WHAT IS EXPECTED:
With pictures left out, output exactly the lines from the line holding "Toyota Aqua 2015" through the end of the data, both included.

==== DATA IN THIS EXERCISE

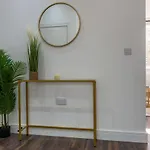 Luxury Apartment Near Central London
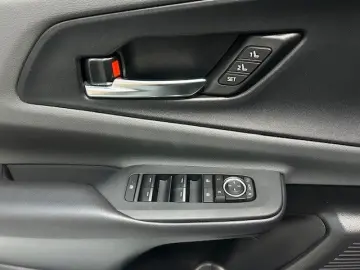 TOYOTA Plug-in Hybrid Advanced  Solar Dach  8-Fach Rad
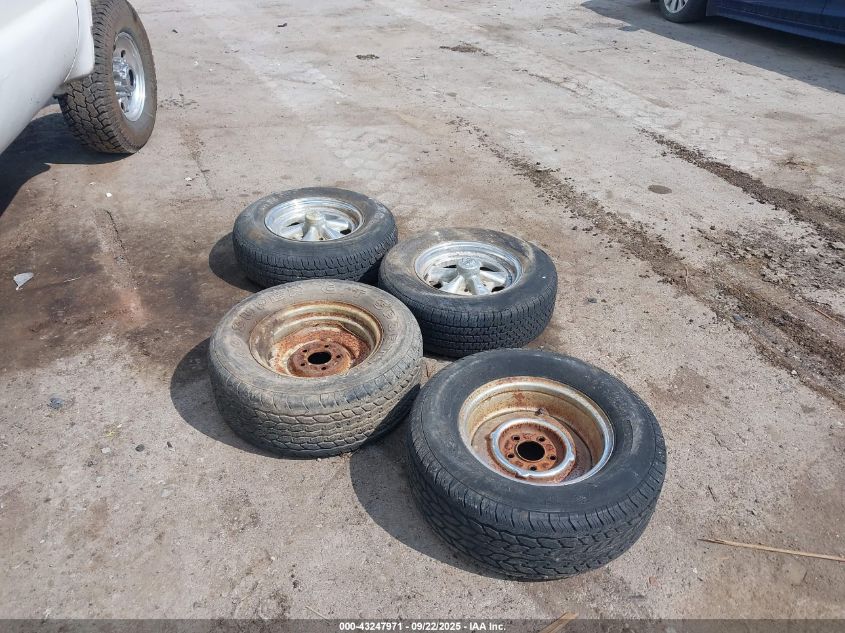 2002 Ford F-250 Xl/Xlt VIN: 1FTNF21F32EC53208 Lot: 43247971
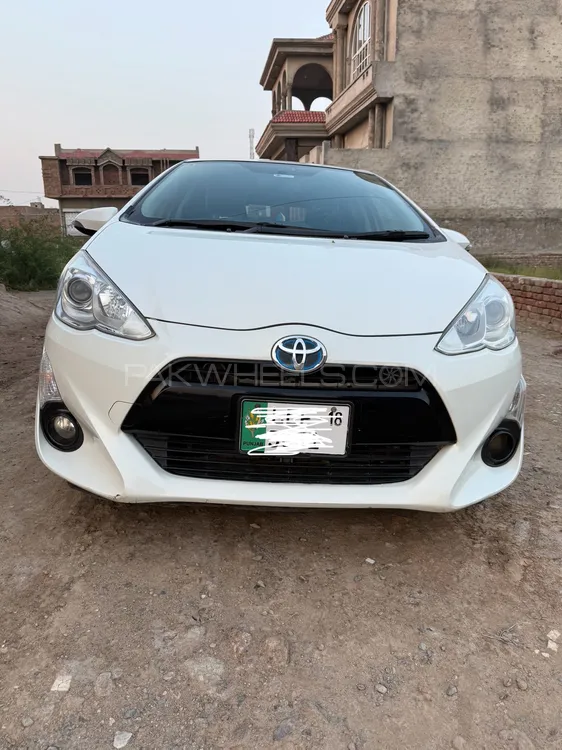 Toyota Aqua 2015 for Sale in Sargodha Image-1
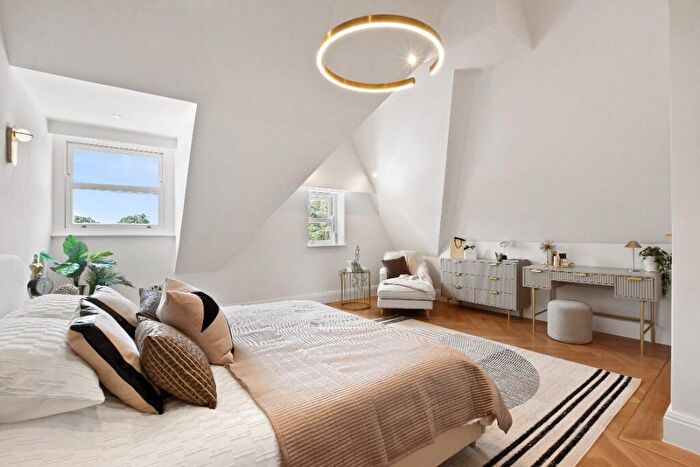 2 Bedroom Duplex To Rent In The Ridgeway, London, EN2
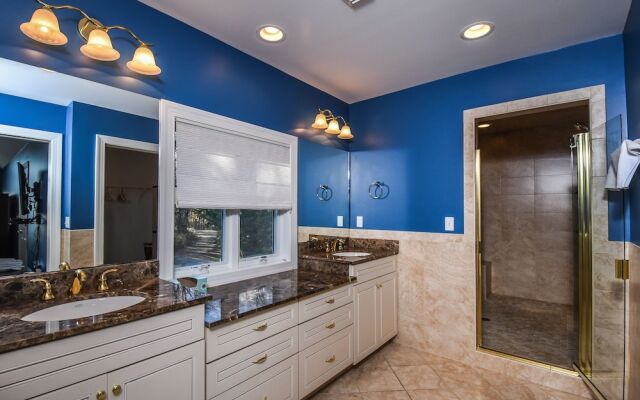 Jewel in Paradise 5 Bedroom House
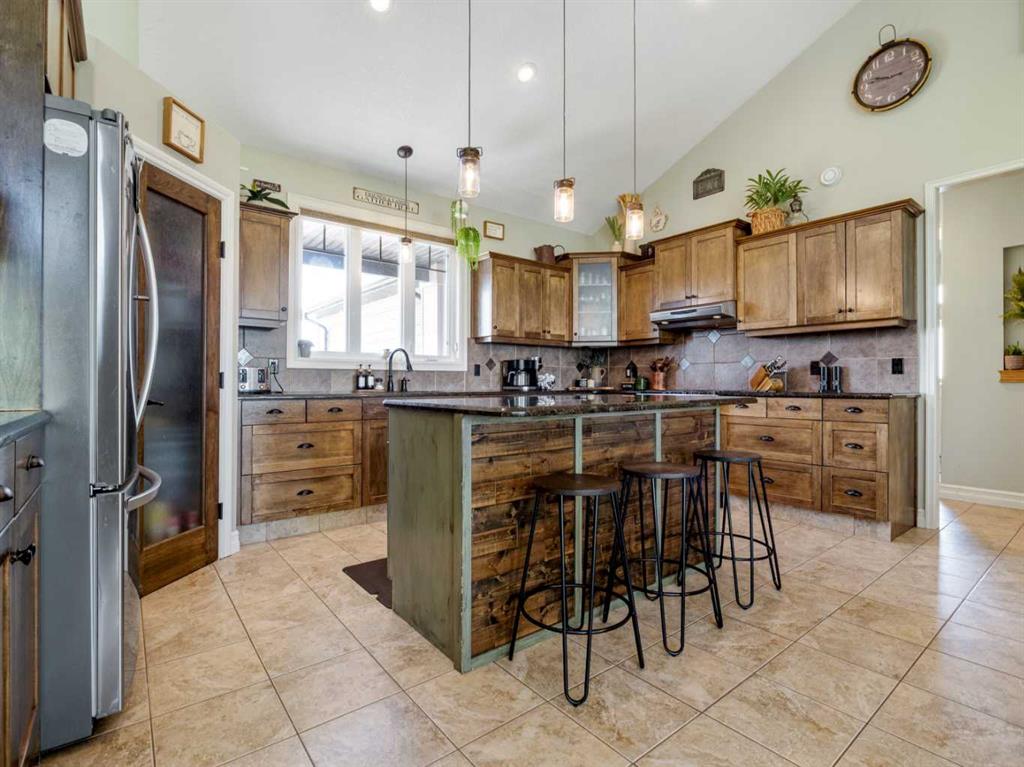 90038 Range Rd 165 Property Photo 16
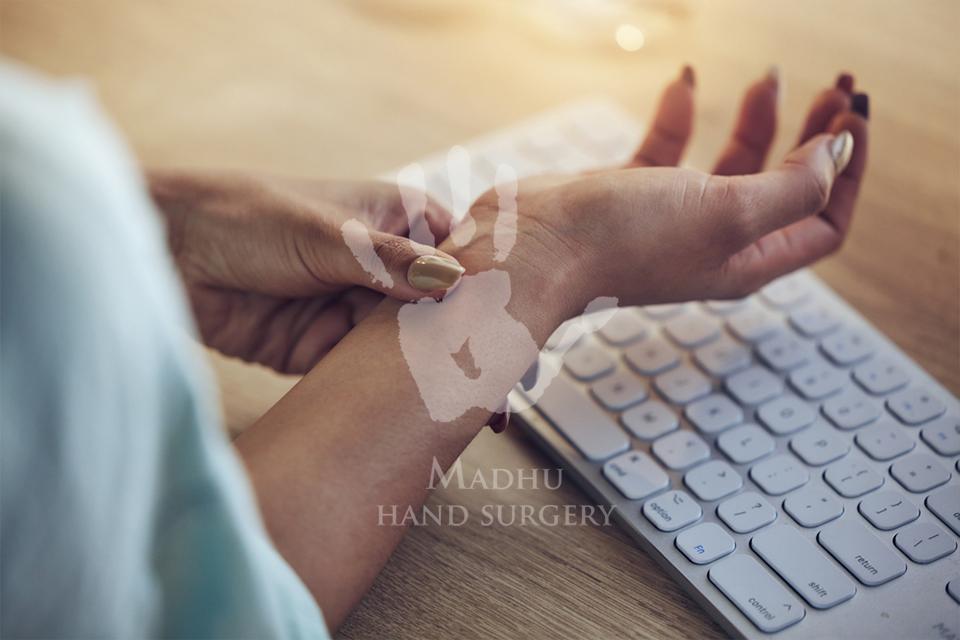 Office work with wrist pain
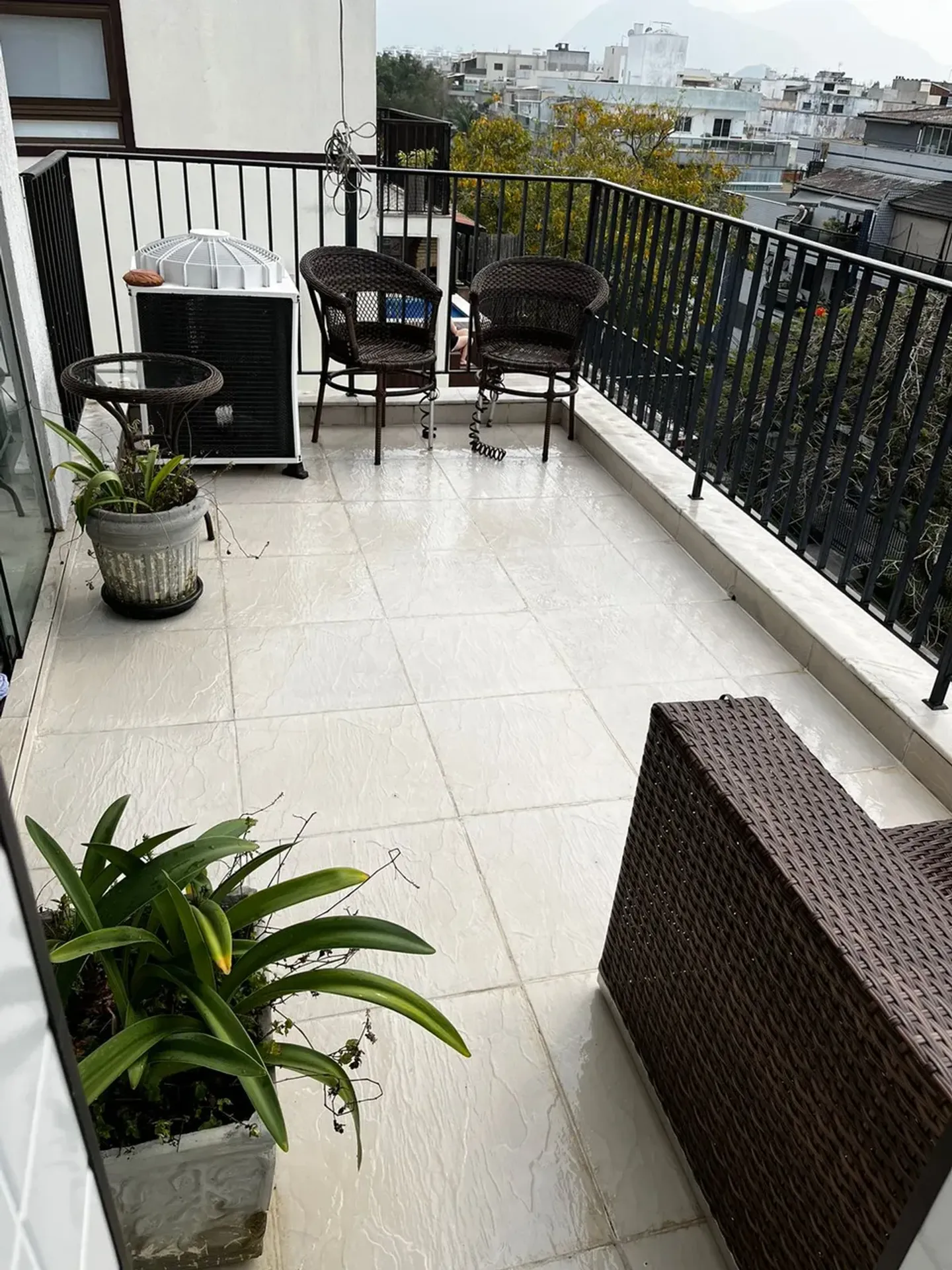 219 m² apartment with a bathtub and a private BBQ — photo 10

========

EXPECTED ANSWER:
 Toyota Aqua 2015 for Sale in Sargodha Image-1
 2 Bedroom Duplex To Rent In The Ridgeway, London, EN2
 Jewel in Paradise 5 Bedroom House
 90038 Range Rd 165 Property Photo 16
 Office work with wrist pain
 219 m² apartment with a bathtub and a private BBQ — photo 10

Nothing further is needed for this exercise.